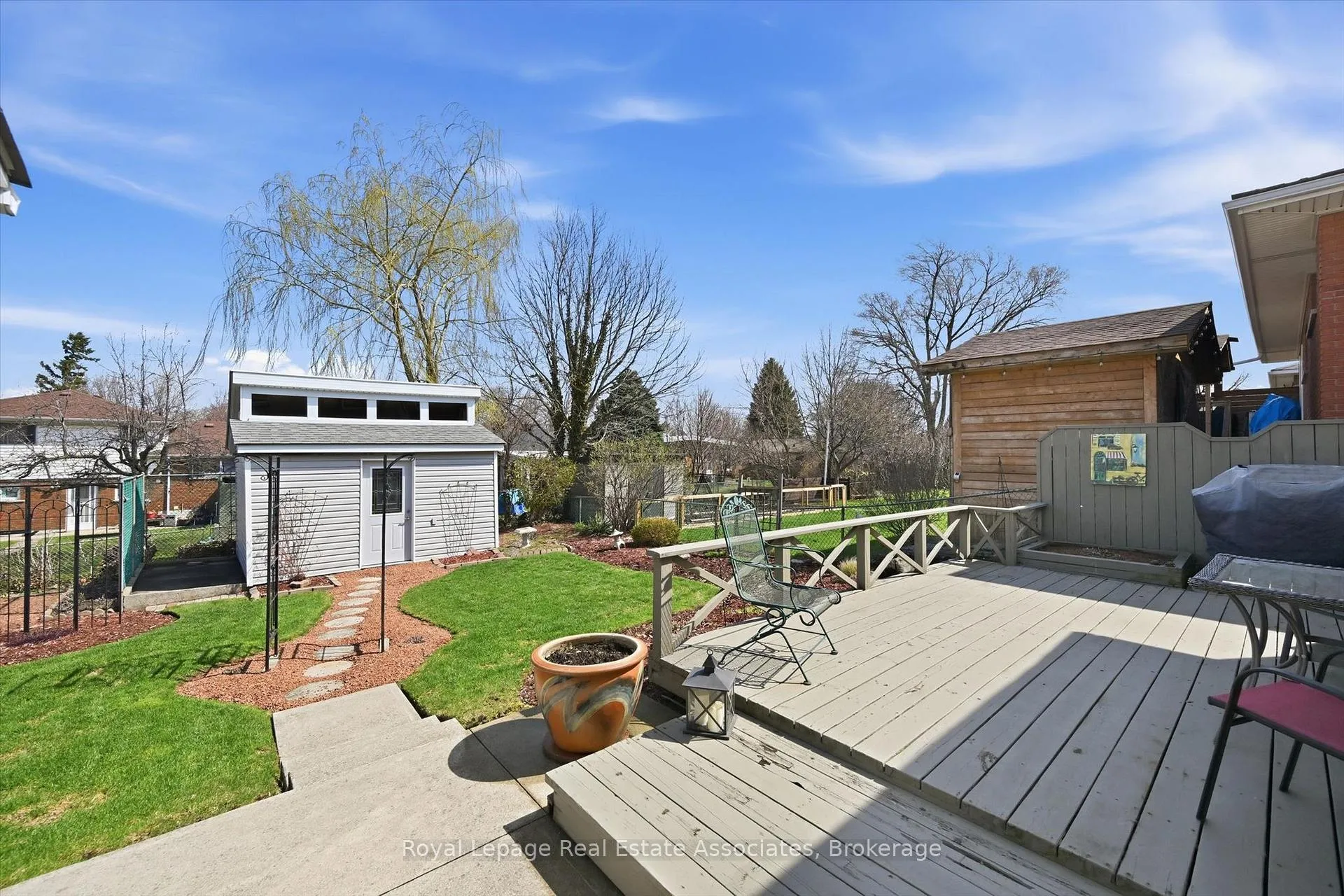Photo 42 of 115 Laurier Avenue, Hamilton, Buchanan — HOMEH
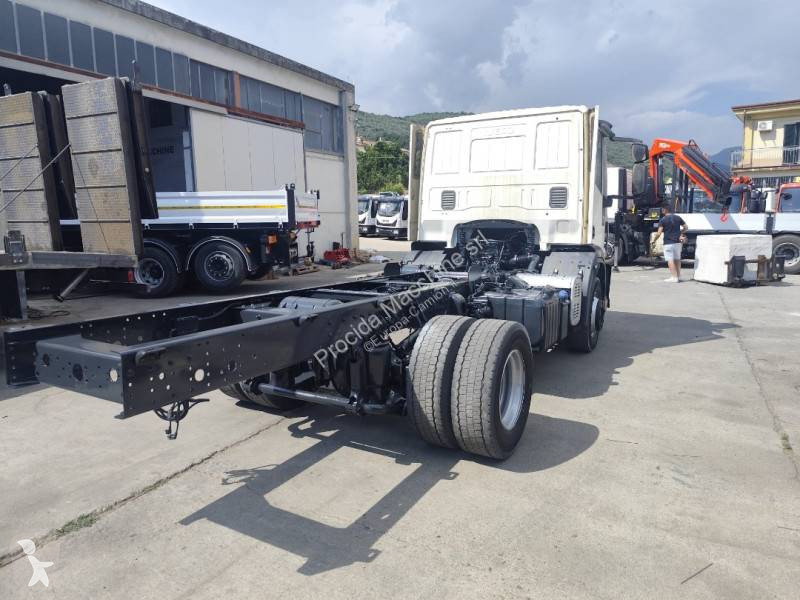 Camion Iveco 150 E 22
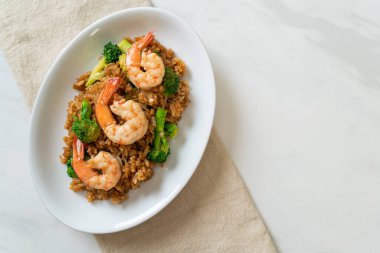 Brokoli ve karidesli kızarmış pirinç.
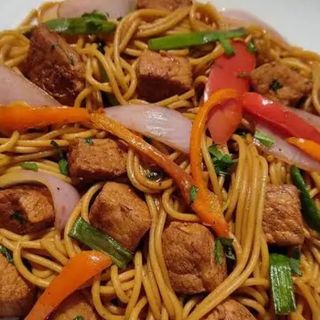 Tallarín saltado kurczak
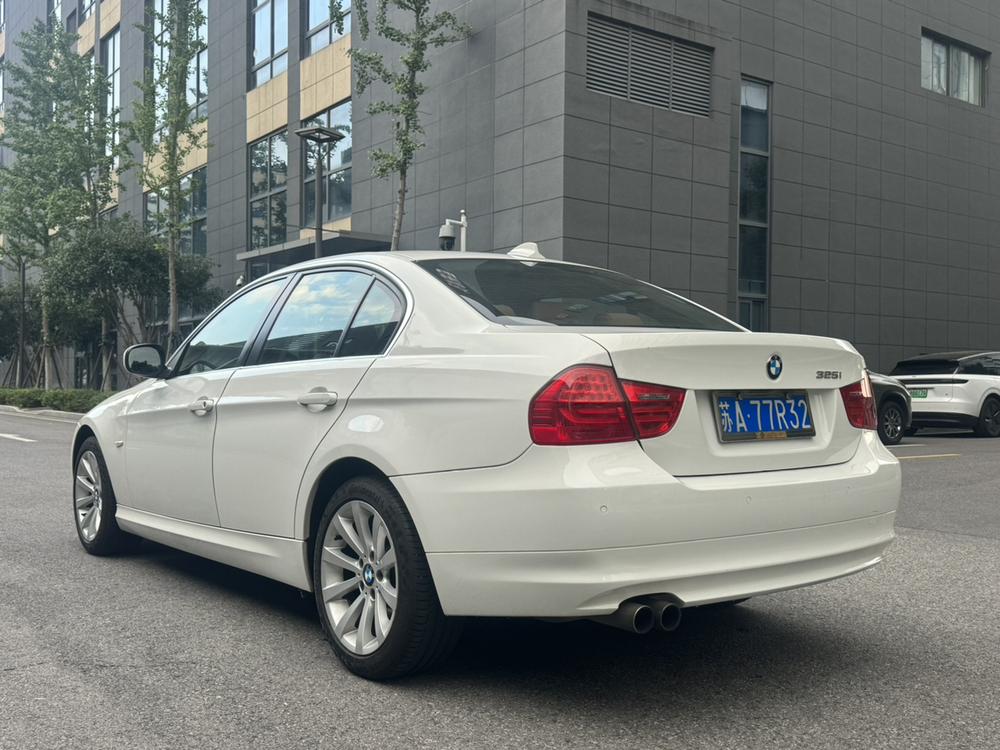 BMW 3 Series 2011 модификация 325i Fashion – фото 5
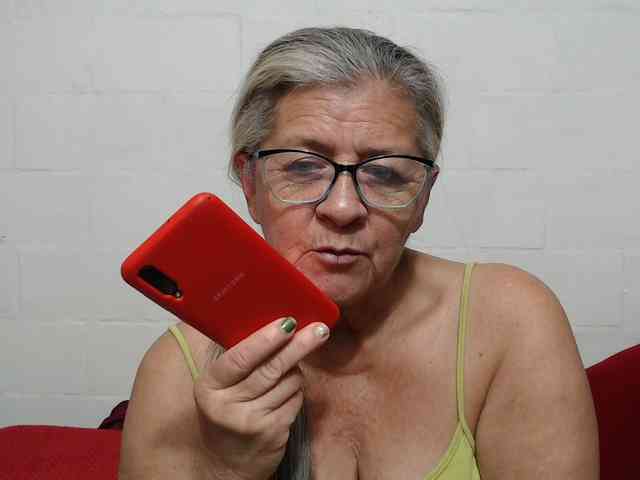 candy-mature webcam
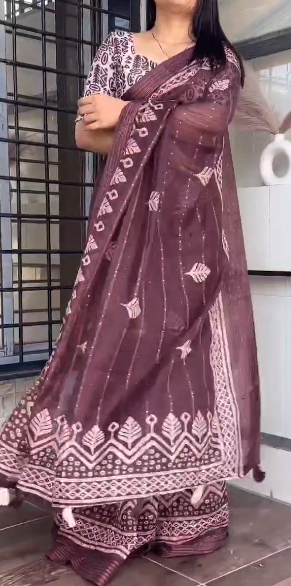 Batik Print and Zari Border Modal Cotton Saree with Blouse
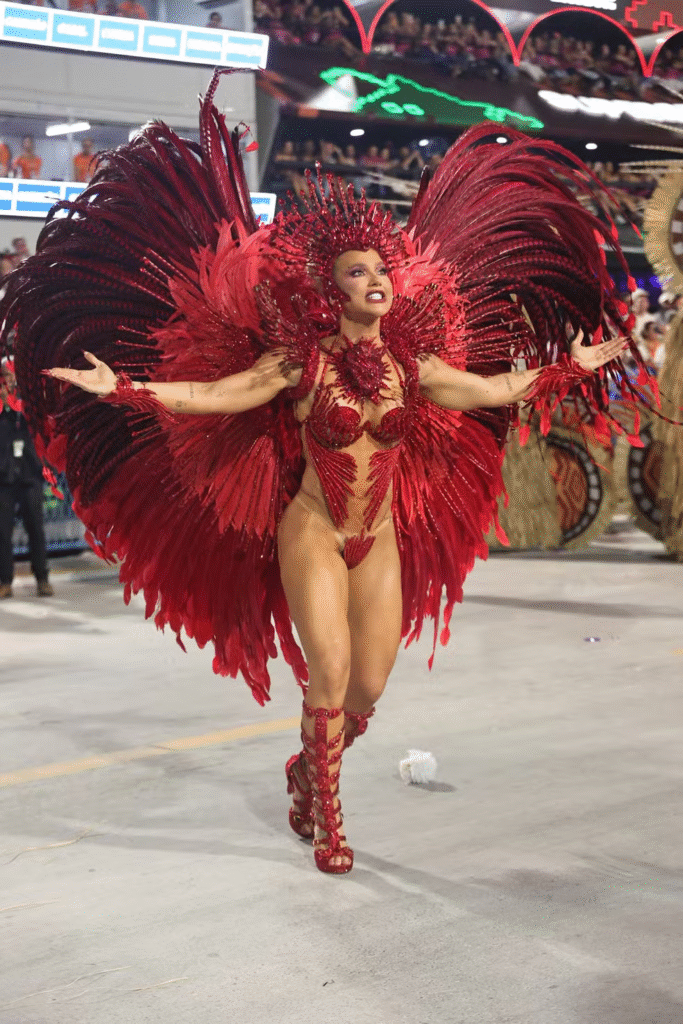 Virginia estreia como rainha de bateria da Grande Rio na Sapucaí, fala sobre emoção, críticas e recepção do público no Carnaval do Rio.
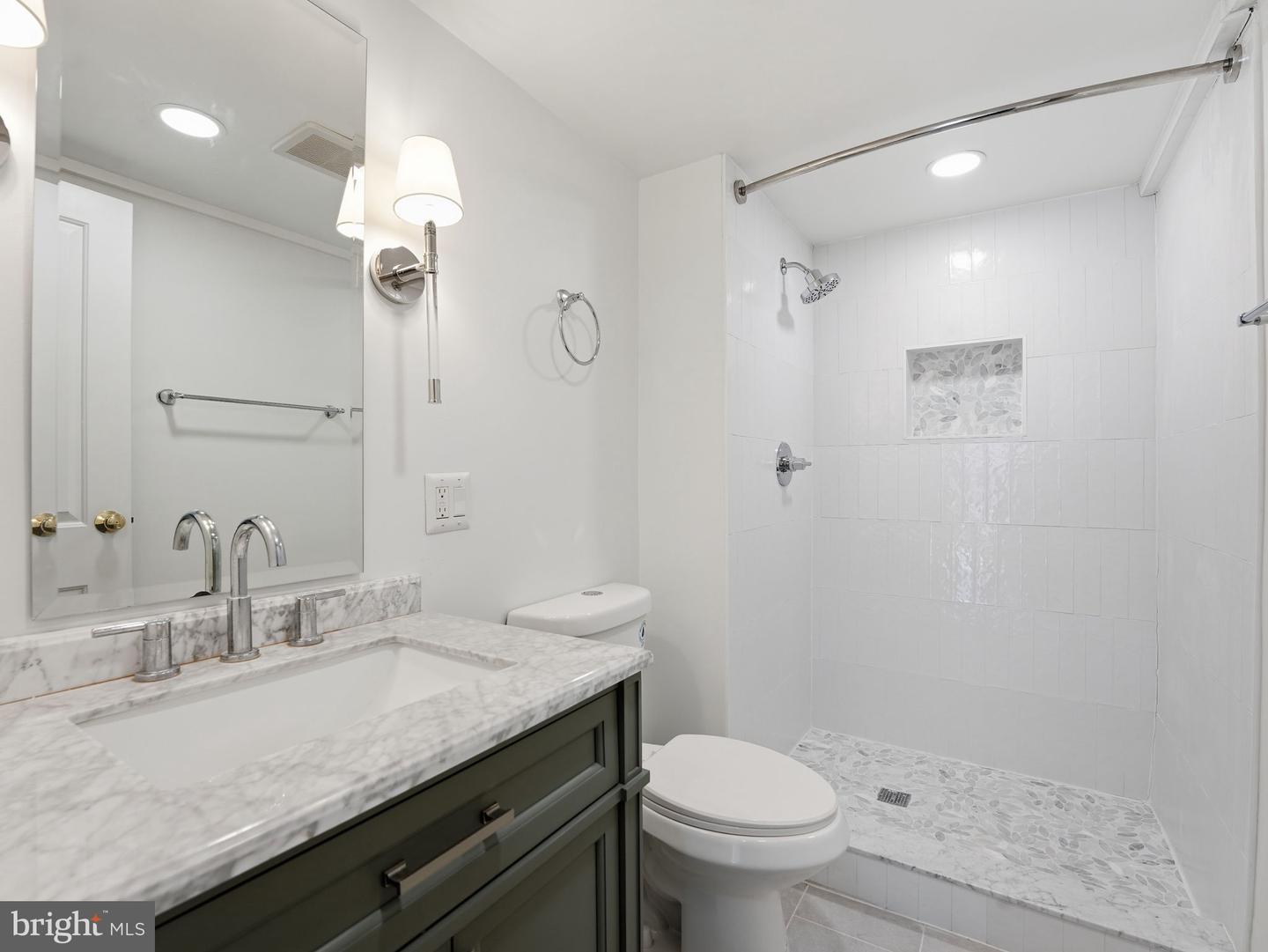 1300 ARMY NAVY DR #514, ARLINGTON, Virginia 22202, 2 Bedrooms Bedrooms, ,2 BathroomsBathrooms,Residential,For sale,1300 ARMY NAVY DR #514,VAAR2062974 MLS # VAAR2062974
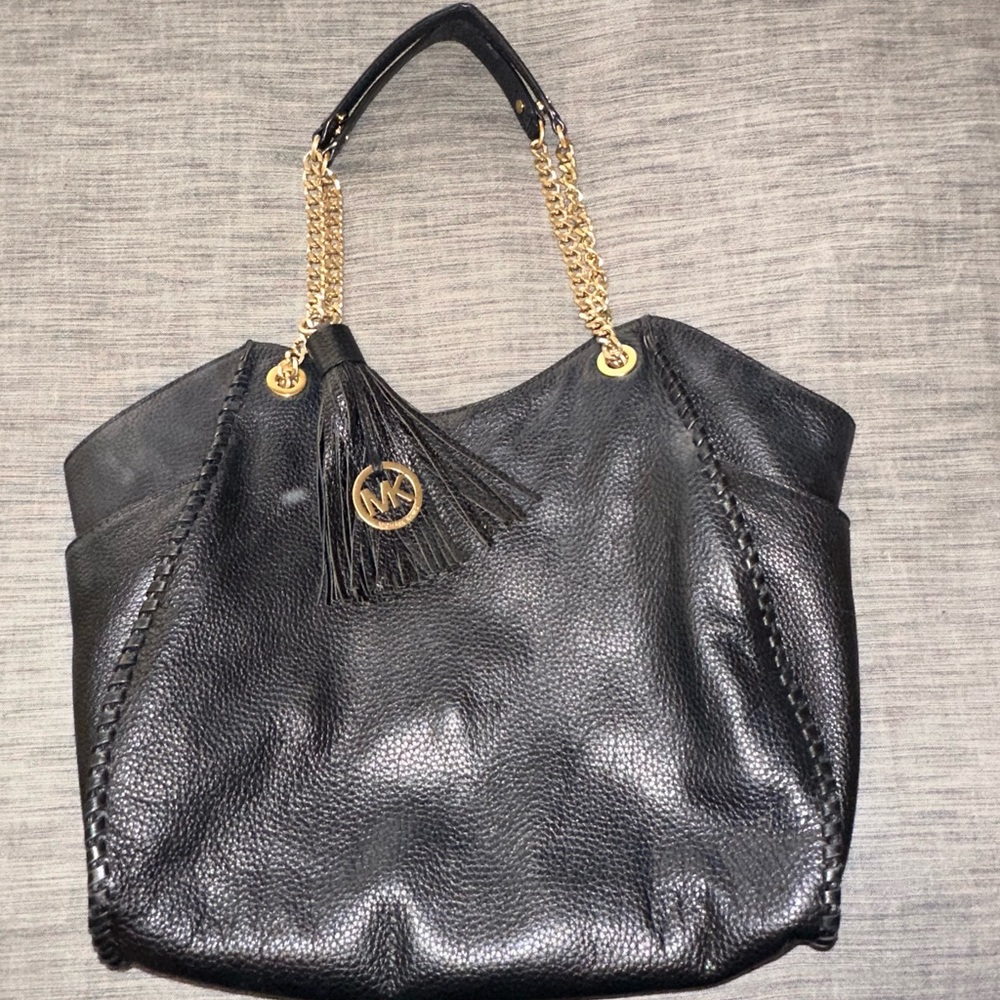 Michael Kors tote. Gently used in like new condition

**Exercise**
Copy the entries above faithfully and omit every image.

**Answer section**
Photo 42 of 115 Laurier Avenue, Hamilton, Buchanan — HOMEH
 Camion Iveco 150 E 22
 Brokoli ve karidesli kızarmış pirinç.
 Tallarín saltado kurczak
 BMW 3 Series 2011 модификация 325i Fashion – фото 5
 candy-mature webcam
 Batik Print and Zari Border Modal Cotton Saree with Blouse
 Virginia estreia como rainha de bateria da Grande Rio na Sapucaí, fala sobre emoção, críticas e recepção do público no Carnaval do Rio.
 1300 ARMY NAVY DR #514, ARLINGTON, Virginia 22202, 2 Bedrooms Bedrooms, ,2 BathroomsBathrooms,Residential,For sale,1300 ARMY NAVY DR #514,VAAR2062974 MLS # VAAR2062974
 Michael Kors tote. Gently used in like new condition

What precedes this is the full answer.